South America Calling
Alastair Stewart South America Correspondent

Wednesday 04/02/14

Brazil Soy Expansion to Slow in 2014-15

Declining soybean prices amid rising costs will cause the pace of Brazilian soybean area expansion to slow in 2014-15, according to Agroconsult, a local farm analytics group.

Much depends on the behavior of soybean prices over the next quarter, but Agroconsult expects 2014-15 soybean area to grow 1 million hectares (2.5 million acres), or 3%. That would still take area to a record 76 million acres but would represent a halving of the rate of growth on the year before.

"Signals of reduced margins abound and farmers will slow the pace of investment next year," said Andre Pessoa, director of Agroconsult.

The chief reason farmers will rein in expansion plans is the prospect of soybeans falling below $12 per bushel next year, as futures on the Chicago Board of Trade indicate.

But also of concern are rising costs.

The cost of producing soybeans on an acre of land in Mato Grosso rose on average 12% this year, reaching $267, according to Agroconsult.
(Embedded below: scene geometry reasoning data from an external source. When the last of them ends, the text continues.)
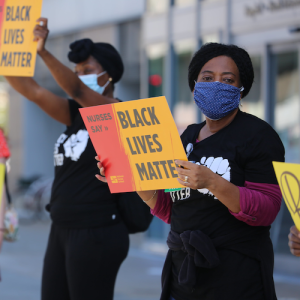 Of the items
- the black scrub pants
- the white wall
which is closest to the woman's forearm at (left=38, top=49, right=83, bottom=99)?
the black scrub pants

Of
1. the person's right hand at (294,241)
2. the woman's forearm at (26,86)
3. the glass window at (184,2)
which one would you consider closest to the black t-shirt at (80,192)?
Answer: the woman's forearm at (26,86)

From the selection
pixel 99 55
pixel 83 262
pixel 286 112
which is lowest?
pixel 83 262

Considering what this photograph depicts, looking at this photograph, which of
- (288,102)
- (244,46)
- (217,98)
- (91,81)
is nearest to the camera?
(217,98)

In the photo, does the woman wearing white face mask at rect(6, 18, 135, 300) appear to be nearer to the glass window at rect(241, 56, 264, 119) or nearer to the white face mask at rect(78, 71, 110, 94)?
the white face mask at rect(78, 71, 110, 94)

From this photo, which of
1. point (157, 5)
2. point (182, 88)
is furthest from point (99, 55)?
point (157, 5)

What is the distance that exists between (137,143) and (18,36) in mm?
1294

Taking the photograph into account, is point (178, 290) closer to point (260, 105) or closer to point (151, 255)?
point (260, 105)

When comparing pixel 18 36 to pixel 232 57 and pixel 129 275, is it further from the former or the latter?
pixel 129 275

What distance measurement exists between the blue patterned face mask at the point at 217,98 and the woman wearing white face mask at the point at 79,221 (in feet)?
3.21

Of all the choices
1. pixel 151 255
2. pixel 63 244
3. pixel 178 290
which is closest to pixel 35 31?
pixel 63 244

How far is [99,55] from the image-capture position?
10.6 ft

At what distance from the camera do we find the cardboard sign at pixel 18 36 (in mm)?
2848

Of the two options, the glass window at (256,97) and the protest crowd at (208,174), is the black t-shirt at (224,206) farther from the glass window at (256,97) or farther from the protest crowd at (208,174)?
the glass window at (256,97)

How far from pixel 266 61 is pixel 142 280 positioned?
3.40 meters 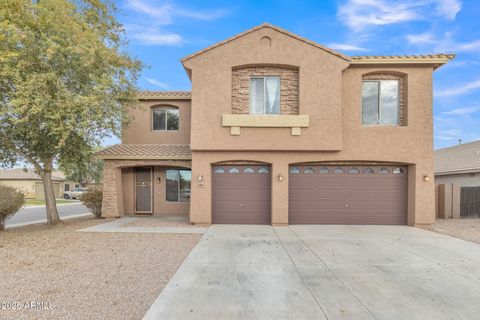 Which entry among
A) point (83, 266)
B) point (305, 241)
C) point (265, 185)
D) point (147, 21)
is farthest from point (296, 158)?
point (147, 21)

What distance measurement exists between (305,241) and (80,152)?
Answer: 33.5 feet

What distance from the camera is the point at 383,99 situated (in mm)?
11648

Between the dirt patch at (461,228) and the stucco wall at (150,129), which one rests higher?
the stucco wall at (150,129)

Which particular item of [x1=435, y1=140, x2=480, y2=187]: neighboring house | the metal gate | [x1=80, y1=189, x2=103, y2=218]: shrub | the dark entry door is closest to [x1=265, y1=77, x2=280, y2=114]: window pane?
the dark entry door

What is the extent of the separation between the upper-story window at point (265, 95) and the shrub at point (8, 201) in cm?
1088

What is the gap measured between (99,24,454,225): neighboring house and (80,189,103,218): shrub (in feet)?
18.8

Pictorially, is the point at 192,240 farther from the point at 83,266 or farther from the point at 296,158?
the point at 296,158

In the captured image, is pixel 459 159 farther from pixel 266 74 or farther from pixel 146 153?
pixel 146 153

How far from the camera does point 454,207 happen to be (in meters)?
14.0

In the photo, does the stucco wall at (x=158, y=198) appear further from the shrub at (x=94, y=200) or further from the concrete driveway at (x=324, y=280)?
the concrete driveway at (x=324, y=280)

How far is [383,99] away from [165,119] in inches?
442

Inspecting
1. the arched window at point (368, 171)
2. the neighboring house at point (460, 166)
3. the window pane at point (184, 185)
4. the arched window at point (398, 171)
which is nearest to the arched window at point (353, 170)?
the arched window at point (368, 171)

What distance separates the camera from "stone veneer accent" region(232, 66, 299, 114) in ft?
37.3

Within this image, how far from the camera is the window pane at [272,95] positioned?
11.4 m
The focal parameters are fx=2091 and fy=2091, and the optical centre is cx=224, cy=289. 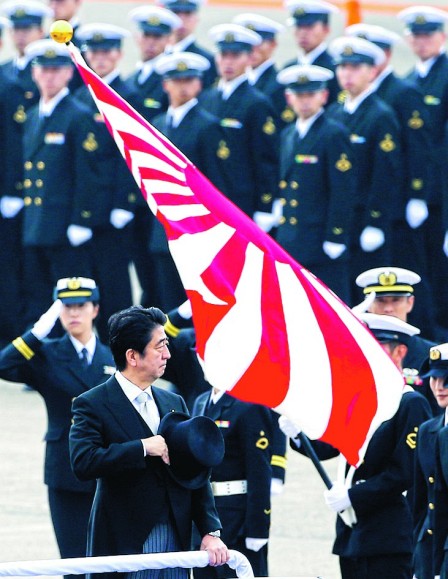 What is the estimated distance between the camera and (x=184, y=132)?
529 inches

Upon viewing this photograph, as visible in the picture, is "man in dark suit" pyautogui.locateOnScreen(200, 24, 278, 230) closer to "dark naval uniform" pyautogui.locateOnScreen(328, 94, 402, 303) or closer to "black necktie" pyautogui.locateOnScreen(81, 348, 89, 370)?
"dark naval uniform" pyautogui.locateOnScreen(328, 94, 402, 303)

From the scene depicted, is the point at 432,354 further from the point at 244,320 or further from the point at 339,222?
the point at 339,222

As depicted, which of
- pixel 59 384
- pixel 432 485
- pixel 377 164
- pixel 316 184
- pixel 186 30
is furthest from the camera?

This jump was primarily driven by chemical costs as farmers fight to control rising caterpillar populations and ever-more-aggressive fungus attacks. The average number of insecticide applications on a Brazilian soybean field has risen from four in 2011-12 to six in 2013-14.

And this cost pressure is likely to continue.

Area will still grow next season in large part because of investment momentum. The process of converting pasture to soybean production takes three years and a lot of farmers are halfway through.

"Growth in area next year will mainly be about farmers following through with investments," said Pessoa.

But new investments in expansion will vastly decrease, he added.

Indeed, investment in production will generally fall next season.

According to an Agroconsult survey of 583 farmers, the percentage investing in new machinery and equipment will fall from 84% in 2013-14 to 59% in 2014-15.

The percentage investing in tractors will fall from 63% to 31%, and those investing in combine harvesters will drop from 54% to 35%.

With margins tighter, farmers are going to have to pay more attention to best practices, noted Pessoa.

"Over the past four to five years, wide margins have allowed farmers to cut some corners. The new reality will mean they have to once again pay attention to agronomic issues like precise application of chemicals and good rotations," he said.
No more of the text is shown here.